Exact reproduction of the listing is required. Pictures are not reproduced.

-------- Data provided

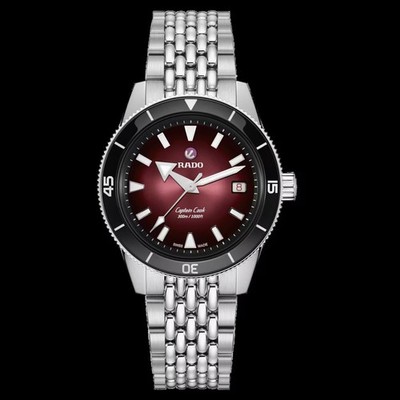 RADO Men's WATCH  CAPTAIN COOK AUTOMATIC R32223408 Bracelet Bundle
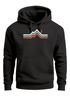 Hoodie Herren Berge Wandern Bergmotiv Aufdruck Printshirt Gebirge Outdoor Fashion Neverless®preview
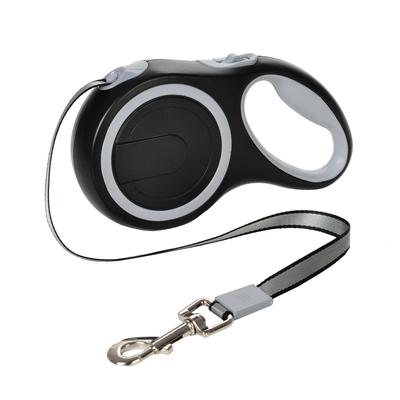 Correa retráctil para perros de 3 m, 5 m, 8 m y 50 kg, collar de ruleta para perros pequeños y grandes, accesorios ajustables y duraderos para caminar, senderismo y bulldog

----------------

■ Solution for this problem:
 RADO Men's WATCH  CAPTAIN COOK AUTOMATIC R32223408 Bracelet Bundle
 Hoodie Herren Berge Wandern Bergmotiv Aufdruck Printshirt Gebirge Outdoor Fashion Neverless®preview
 Correa retráctil para perros de 3 m, 5 m, 8 m y 50 kg, collar de ruleta para perros pequeños y grandes, accesorios ajustables y duraderos para caminar, senderismo y bulldog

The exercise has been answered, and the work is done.